▸ **Goal of the exercise**: Extract the lines of the material below, beginning with the first and ending with the line that holds "2025 Subaru Forester". Skip every picture.

□ □ □ □ □

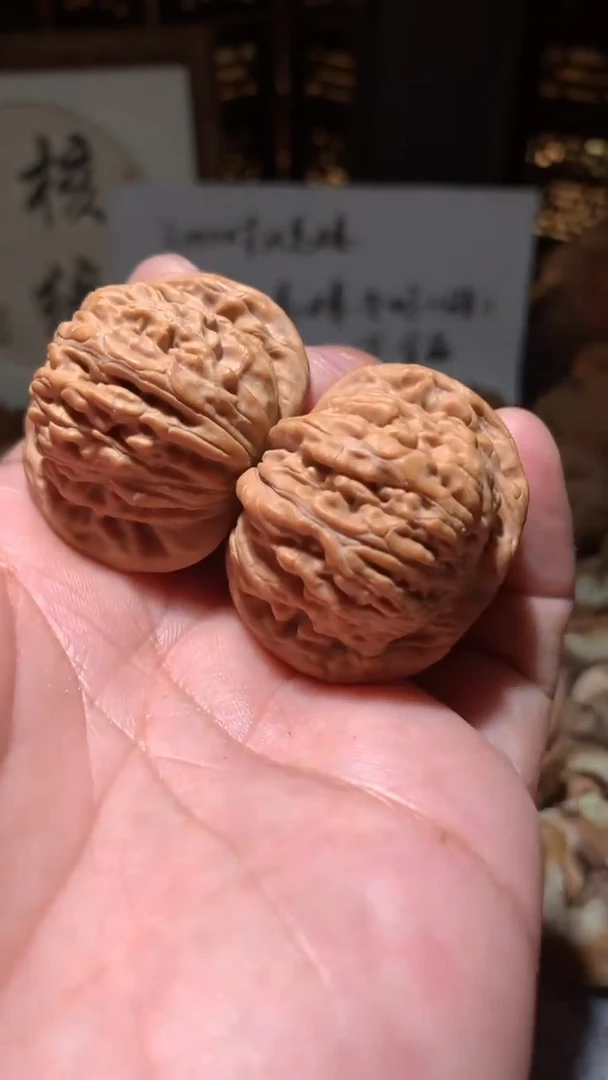 文玩核桃吊坠【核缘雅趣】38左右汉高楼，同尺寸随机发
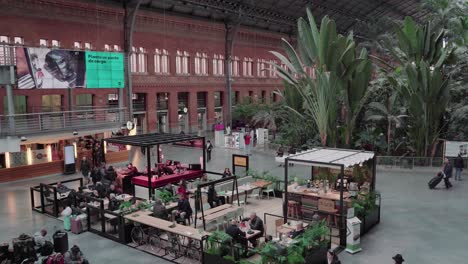 Vista-Interior-De-La-Estación-De-Tren-De-Madrid-Atocha.-Mano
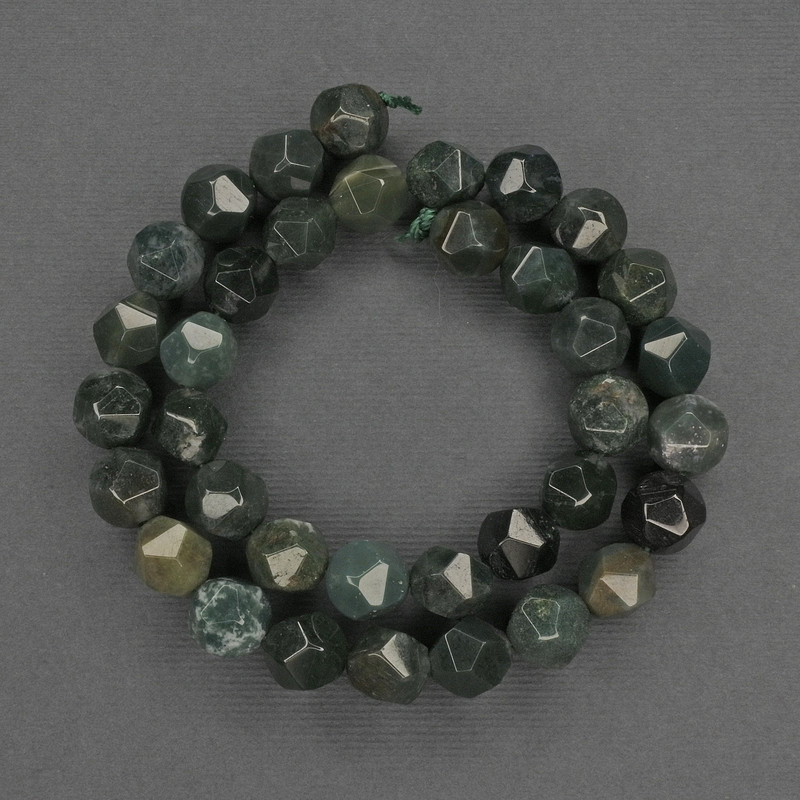 חרוזים יאשמה ירוקה בצורת רב-פנים, קוטר 10mm± על חוט, אורך 37cm+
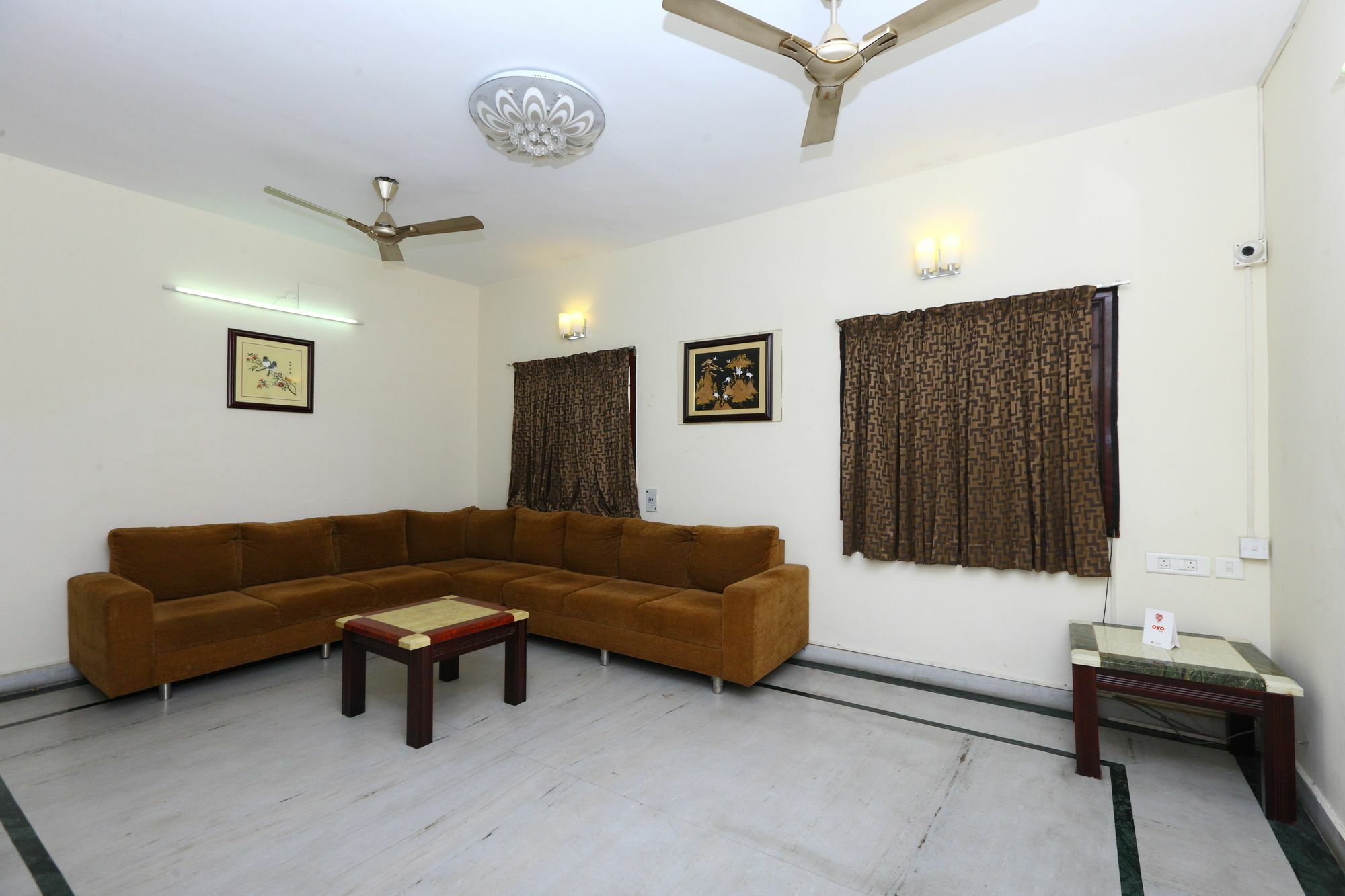 Hotel Oyo 2559 Rich Residency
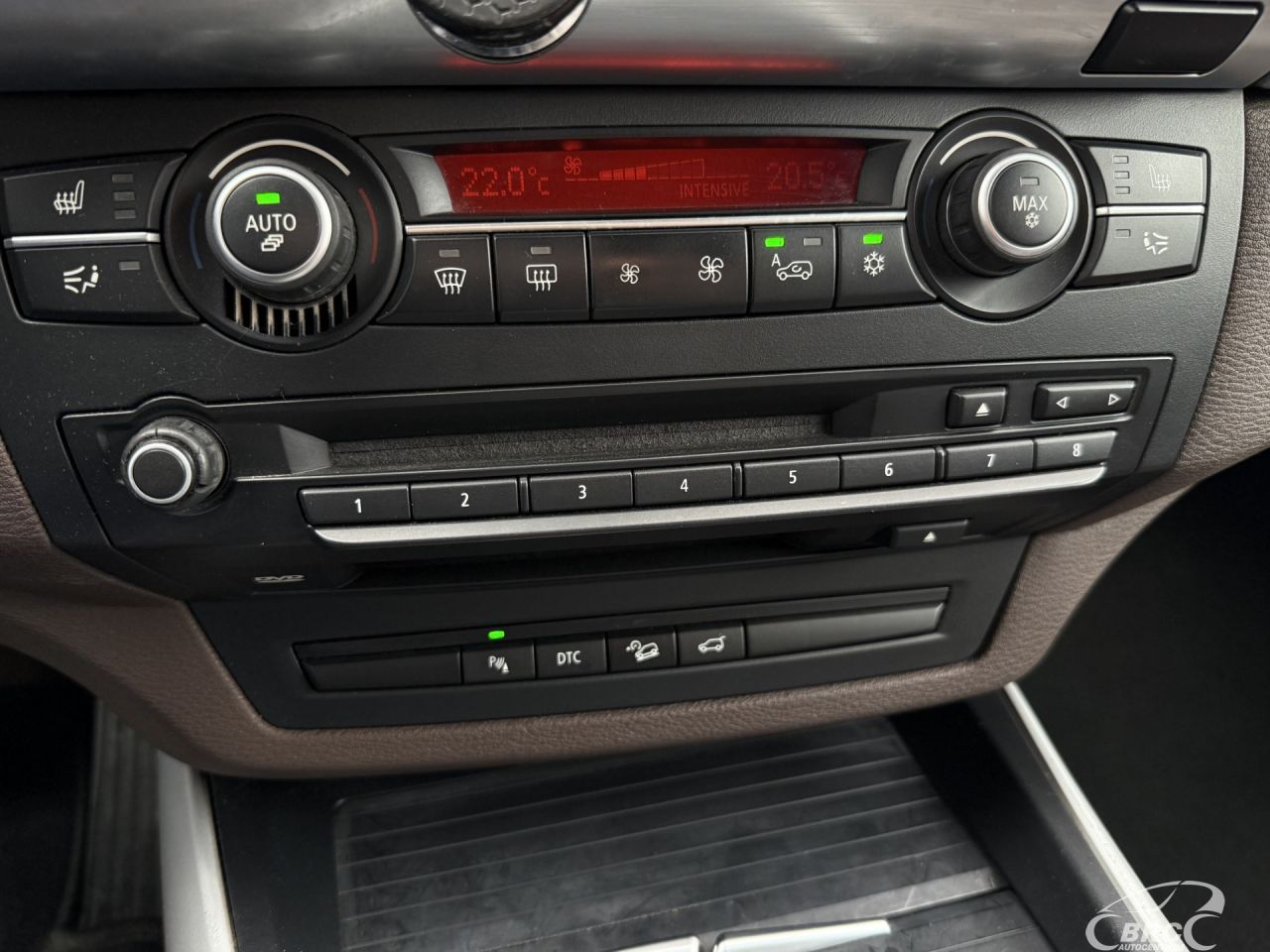 BMW X5 | 25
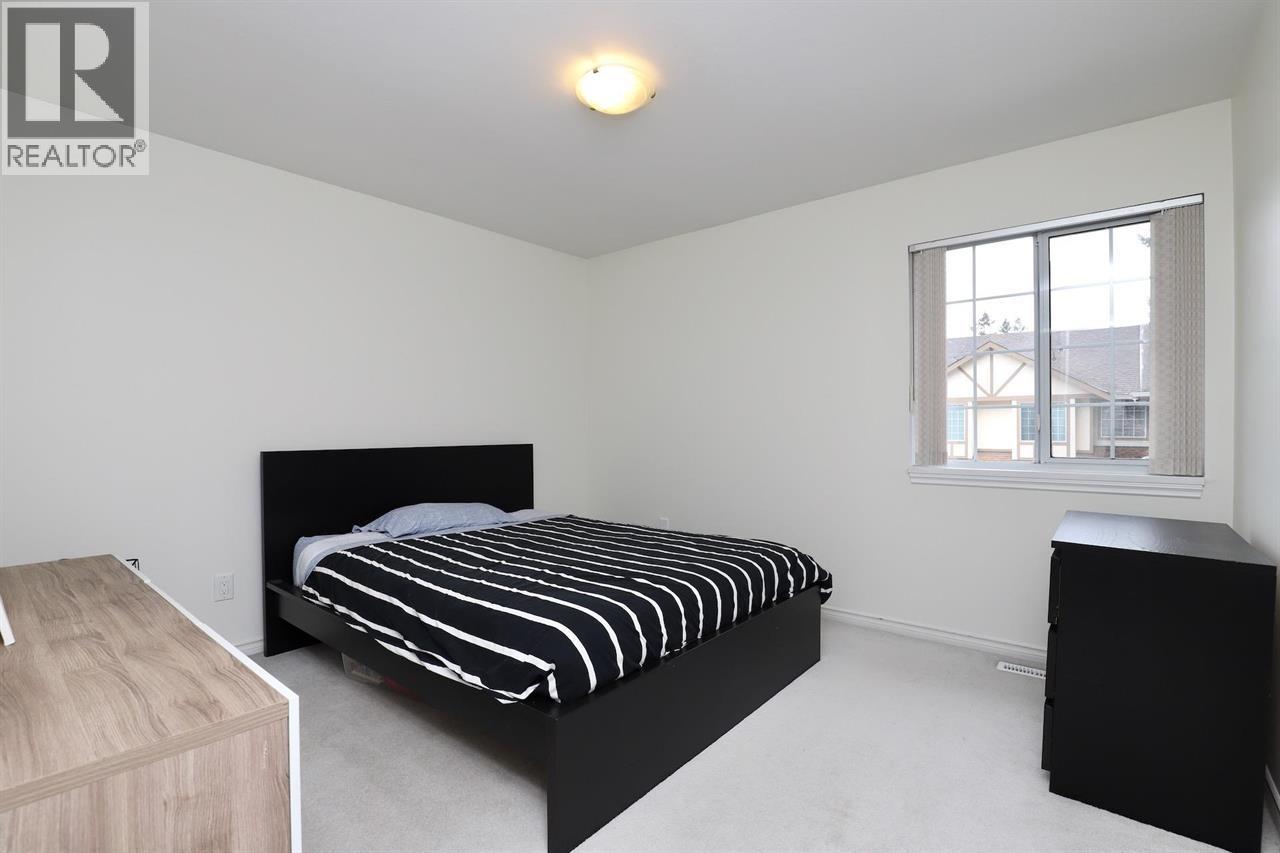 16 21409 Dewdney Trunk Road Property Photo 7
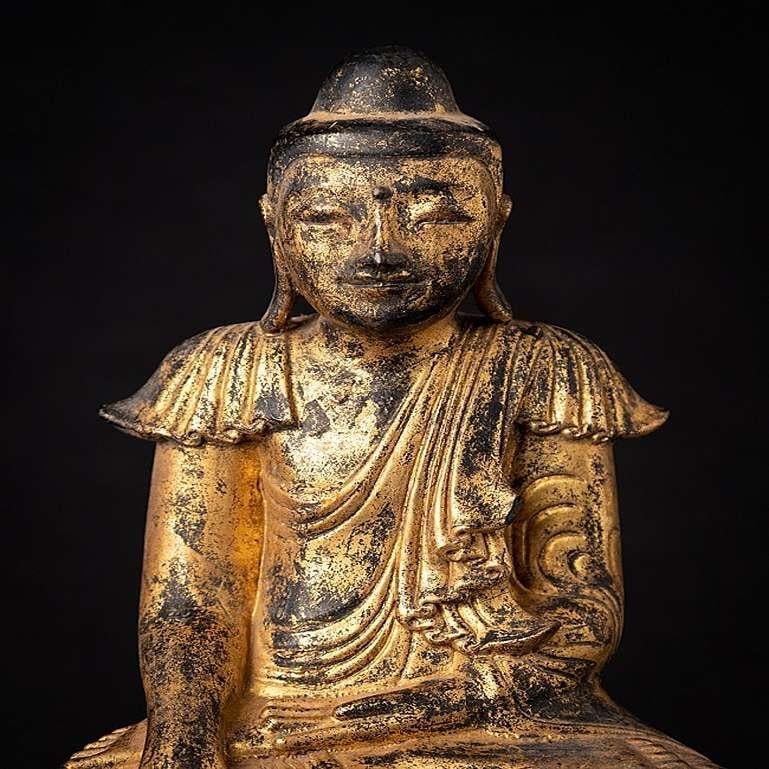 Antike burmesische Shan-Buddha-Statue aus Burma im Angebot 3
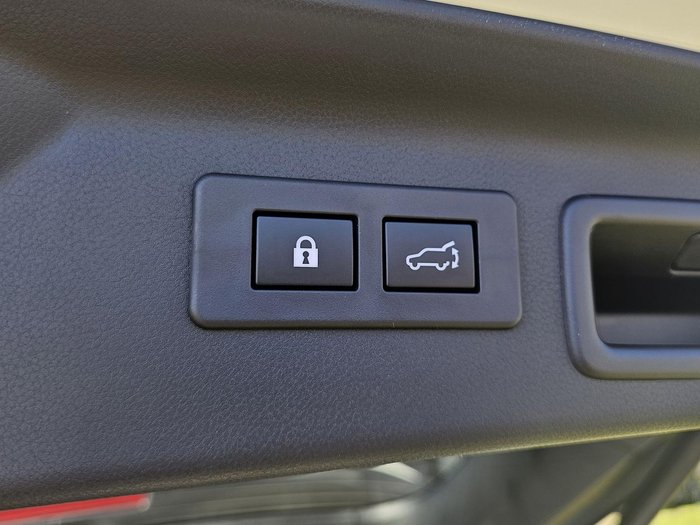 2025 Subaru Forester Hybrid Sport S6 MY26 AWD Crystal White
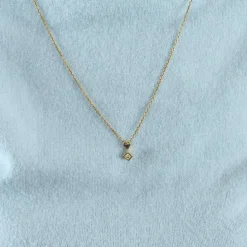 Collier solitaire or blanc et diamant poire 0.60 ct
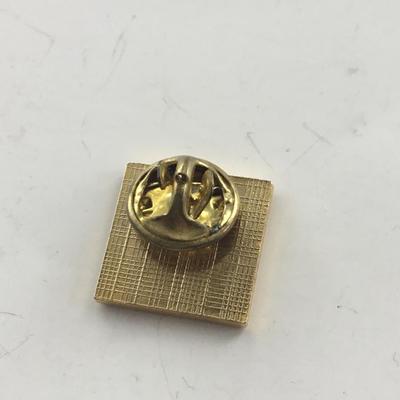 HR marked gold tone vintage push pin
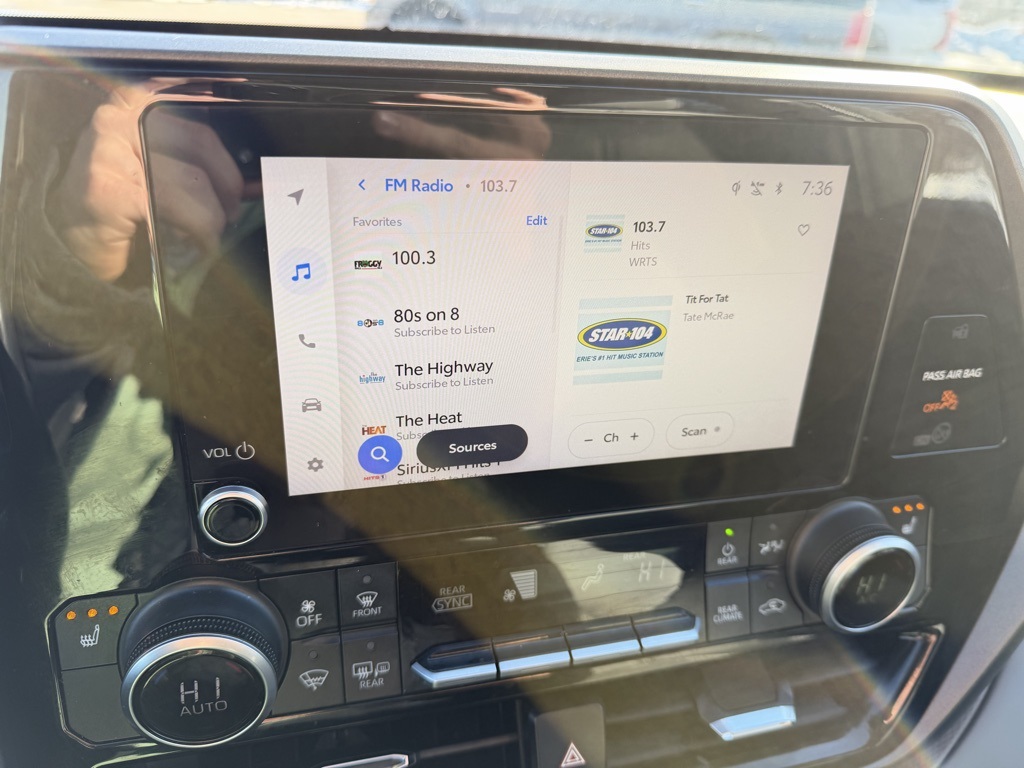 used 2023 Toyota Highlander car, priced at $39,903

□ □ □ □ □

▸ **Reply to the exercise**:
 文玩核桃吊坠【核缘雅趣】38左右汉高楼，同尺寸随机发
 Vista-Interior-De-La-Estación-De-Tren-De-Madrid-Atocha.-Mano
 חרוזים יאשמה ירוקה בצורת רב-פנים, קוטר 10mm± על חוט, אורך 37cm+
 Hotel Oyo 2559 Rich Residency
 BMW X5 | 25
 16 21409 Dewdney Trunk Road Property Photo 7
 Antike burmesische Shan-Buddha-Statue aus Burma im Angebot 3
 2025 Subaru Forester Hybrid Sport S6 MY26 AWD Crystal White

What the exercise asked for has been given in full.